Je les aide à avancer et à développer l’estime de soi. Un des objectifs, c’est que la personne soit autonome. On la met face à des choix: l’outil, la couleur, la trace, ce qu’ils vont raconter. A chaque fois, elle doit faire un retour sur elle-même.

Je travaille aussi sur le lien. Je voudrais éviter que ces personnes soient de plus en plus isolées: le groupe et sa place dans le groupe est importante. C’est une manière de les sortir de l’isolement et de prendre en compte ce qu’elles peuvent exprimer.

Les résidents savent-ils que vous êtes nonne bouddhiste ?

Certains le savent. Je ne le cache pas, mais ne le proclame pas non plus. Là j’ai les cheveux plutôt longs, env. 1 cm. Pendant les retraites, je passe la tondeuse, c’est une façon de faire le vide (rire), ça peut choquer. J'en donne la raison si on me pose la question.

Parfois cela suscite des discussions. Des résidents m’ont demandé des livres, et parfois, les ateliers d’art thérapie peuvent amener des thématiques proches de ma pratique. Par exemple, des réflexions sur les notions de vide, qui peuvent me faire rebondir sur le zen: cela me permet de faire des liens et de nourrir la discussion, à titre personnel, sans d’ailleurs mentionner l’origine de ma vision, ma philosophie.

Que vous apporte le travail avec les personnes âgées ?

Je suis de plus en plus en contact avec leur humanité. Il y a comment on se présente au monde, même en étant âgé, et il y a ce qu’il y a derrière. On oublie que derrière cette personne affaiblie, il y a un être humain, qui a un caractère et tout un passé, toute une vie derrière lui. Mais il y a toujours un être humain qui a besoin d'amour. J’essaie d’entrer en contact avec cette partie, au-delà de la façade. La vie m’a mise devant les personnes âgées, je dois faire avec.

Votre pratique spirituelle change-t-elle votre rapport à la vie.. à la mort ?

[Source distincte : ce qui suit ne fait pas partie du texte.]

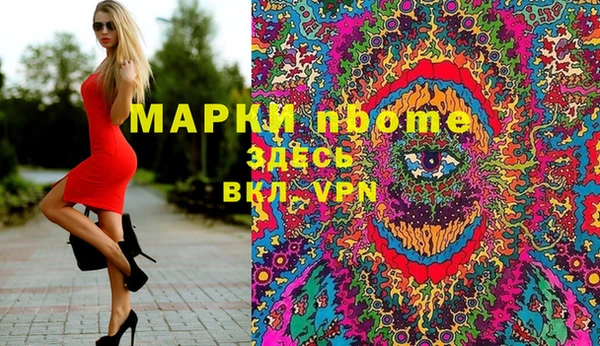 МДПВ Инсар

Quand une personne décède, il n’y a pas de peine, je n’ai pas de pleurs. Dire au revoir, ça me suffit, car je vois quelle dure épreuve est la vieillesse. Si moi, j’ai pu leur offrir à ce moment de leur vie, de l’espoir, un bout de chemin moins douloureux, voir une manière de voir plus claire, j’espère qu’elles peuvent partir en paix. La mort est aussi une libération dans le corps, car c’est difficile, la vieillesse. Travailler avec elles, c’est une grande chance que la vie me donne. Mon humanité se développe aussi.

  • VOIR :

L'art du zen, le reportage diffusé sur la RTS le samedi 2 juin dans l'émission Faut pas croire

BIO EXPRESS


Elle s’appelle Maria Teresa Avila Pinto Vuillemin, mais aussi Shogetsu Kientchou (lune brillante - refléter le tout) depuis qu’elle a été consacrée nonne bouddhiste en 1994.
D’origine colombienne, après des études de beaux-arts en Italie, elle a découvert le zen à Genève en 1993. Ce fut une véritable révélation: elle s’est très vite prise au jeu de la méditation zazen, s’est mise à pratiquer au Riukai Dojo Zen de Genève, de la lignée de maître Deshimaru, qui a amené le zen en Europe.

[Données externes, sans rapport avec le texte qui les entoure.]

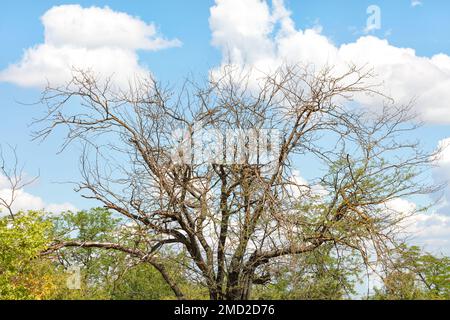 The branches of a sprawling withered tree caught on the white clouds in the blue spring sky. Stock Photo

L’envie de devenir nonne bouddhiste la saisit rapidement. Au fil des sesshins, les retraites spirituelles, après des heures de méditation, de rencontres régulières avec un maître, la confection du rakusu, pièce de tissu faite d’éléments rassemblés au point très précis, qui prend des mois et des mois, elle est consacrée, après une première ordination comme boddhisattva en décembre 1993, nonne bouddhiste, en août 1994 (après une année et demi de pratique).

Elle est aussi l’épouse depuis 1998 du maître du Dojo de Genève, Maître Vincent Keisen Vuillemin, également physicien au CERN.

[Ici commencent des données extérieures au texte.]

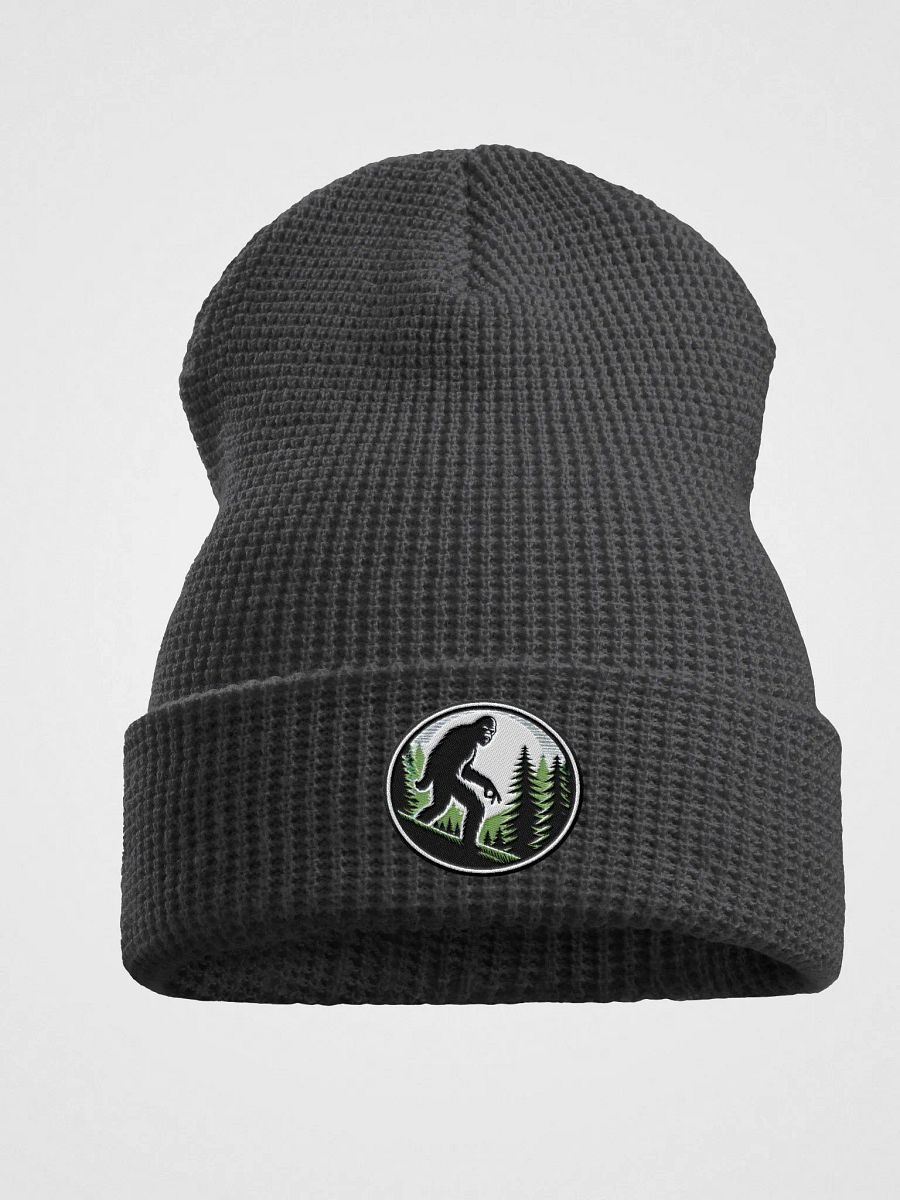 Ball Gazer Beanie product image (1)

Aujourd’hui, elle médite cinq jours par semaine, le matin tôt, avant d’aller travailler comme art-thérapeute aux Marronniers, un EMS à Chêne-Bougeries. Atelier d’argile, travail sur la mémoire et sur le lien à travers des œuvres collectives et individuelles, elle aide à développer la créativité des personnes âgées, tout en leur apportant un moment privilégié. Une manière d’ouvrir un espace, comme une page blanche en attente. Un espace vide, prometteur, ressourçant, comme dans la méditation. M. L.